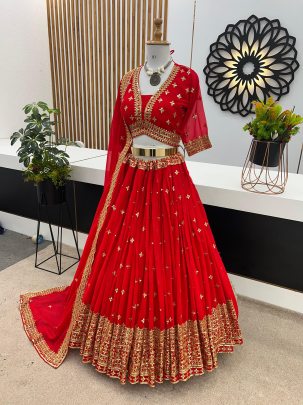 Karwa Chuath Special Red Georgette Sequence Lehenga Choli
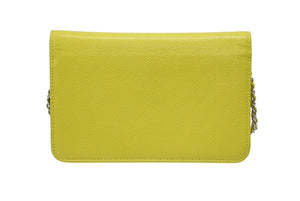 CHANEL シャネル チェーンショルダーウォレット 長財布 A48654 18番台 ココマーク キャビアスキン イエロー 美品 中古 4b006536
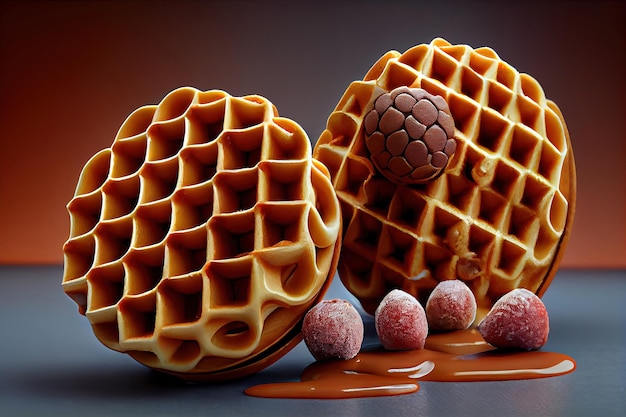 2 Kugeln Vanilleeis in Waffel und Schokoladensosse Generative Ai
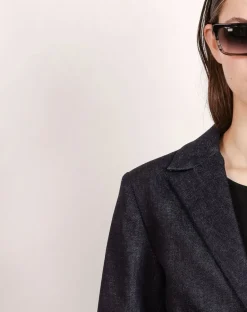 Grace Selvedge Denim Blazer Dark Grey<Studio Heijne Discount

## Description of the task:
Go through the listing above and write it all out exactly, leaving out any picture.

## Answer below:
 Karwa Chuath Special Red Georgette Sequence Lehenga Choli
 CHANEL シャネル チェーンショルダーウォレット 長財布 A48654 18番台 ココマーク キャビアスキン イエロー 美品 中古 4b006536
 2 Kugeln Vanilleeis in Waffel und Schokoladensosse Generative Ai
 Grace Selvedge Denim Blazer Dark Grey<Studio Heijne Discount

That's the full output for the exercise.